Thu. Oct 10th, 2024

Arkansas state Rep. Mark McElroy, R-Tillar (left) and Democrat Dexter Miller of Helena West-Helena (right) are competing in a rematch for House District 62. (Courtesy photos)

Mark McElroy said he’s been driving 100 miles one way to campaign for another term in the Arkansas House of Representatives. He’s facing Democrat Dexter Miller, a rematch of the District 62 race that was decided by 197 votes two years ago.

Residents of McElroy’s Delta district are more familiar with him than they were in 2022 when he sought to represent communities like Helena-West Helena, Wheatley and Marianna for the first time after redistricting, he said.

“The way I campaign is I sit on the curb on my bicycle and look homeless,” the Tillar Republican said. “That was my trademark down here [in Southeast Arkansas], but up there nobody knew me because they thought I was homeless, so they’d bring me food or try to offer me money.

“And then,” he laughed, “they’d find out I was a politician and try to run over me.”

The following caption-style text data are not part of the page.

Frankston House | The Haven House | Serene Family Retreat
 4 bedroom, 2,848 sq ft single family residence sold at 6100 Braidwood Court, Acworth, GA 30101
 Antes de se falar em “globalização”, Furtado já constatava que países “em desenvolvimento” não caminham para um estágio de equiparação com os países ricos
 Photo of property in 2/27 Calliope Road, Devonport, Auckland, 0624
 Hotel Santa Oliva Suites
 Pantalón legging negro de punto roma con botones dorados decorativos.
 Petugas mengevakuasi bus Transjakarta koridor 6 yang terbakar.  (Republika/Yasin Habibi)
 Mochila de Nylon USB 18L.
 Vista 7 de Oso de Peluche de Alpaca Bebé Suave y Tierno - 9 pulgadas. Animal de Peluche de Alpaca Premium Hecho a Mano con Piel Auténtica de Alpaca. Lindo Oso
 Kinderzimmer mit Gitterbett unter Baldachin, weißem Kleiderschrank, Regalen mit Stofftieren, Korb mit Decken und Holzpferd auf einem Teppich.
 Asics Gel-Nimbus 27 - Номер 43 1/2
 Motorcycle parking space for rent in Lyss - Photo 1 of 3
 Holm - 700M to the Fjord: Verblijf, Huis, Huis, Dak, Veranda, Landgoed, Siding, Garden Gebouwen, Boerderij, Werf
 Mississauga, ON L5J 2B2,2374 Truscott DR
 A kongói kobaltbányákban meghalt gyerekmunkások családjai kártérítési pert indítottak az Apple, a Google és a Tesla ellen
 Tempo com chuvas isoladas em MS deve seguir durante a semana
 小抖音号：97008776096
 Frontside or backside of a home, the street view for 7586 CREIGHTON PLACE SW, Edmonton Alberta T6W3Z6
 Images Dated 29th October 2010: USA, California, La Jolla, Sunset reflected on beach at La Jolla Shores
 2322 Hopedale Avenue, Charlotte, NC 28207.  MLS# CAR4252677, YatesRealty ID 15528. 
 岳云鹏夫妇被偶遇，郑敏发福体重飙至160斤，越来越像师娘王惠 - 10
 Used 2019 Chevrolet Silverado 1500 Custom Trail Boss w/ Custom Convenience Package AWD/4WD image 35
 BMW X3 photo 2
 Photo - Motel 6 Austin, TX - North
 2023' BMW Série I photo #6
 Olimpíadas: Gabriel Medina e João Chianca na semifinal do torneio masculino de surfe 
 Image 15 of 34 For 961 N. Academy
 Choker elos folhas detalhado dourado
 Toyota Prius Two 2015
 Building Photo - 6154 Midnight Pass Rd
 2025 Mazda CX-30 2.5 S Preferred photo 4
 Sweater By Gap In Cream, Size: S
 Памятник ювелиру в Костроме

Even so, Delta voters tend to appreciate candidates who campaign by approaching them directly, especially a candidate who has driven hours to see them, said Kevin Smith, a former Democratic state senator and former mayor of Helena-West Helena.

“Arkansas is such a rural state that people still want to see you, and if they don’t see you, they think you might not want it that much and that you might not work that hard,” Smith said.

McElroy entered the 2022 election cycle as a four-term incumbent representing Desha and Chicot counties and part of Ashley County. He previously served as a Desha County justice of the peace and county judge.

The newly-drawn legislative districts of the 2022 election put McElroy in a constituency made up of the entirety of Lee and Phillips counties and portions of Desha, Arkansas, Monroe and St. Francis counties.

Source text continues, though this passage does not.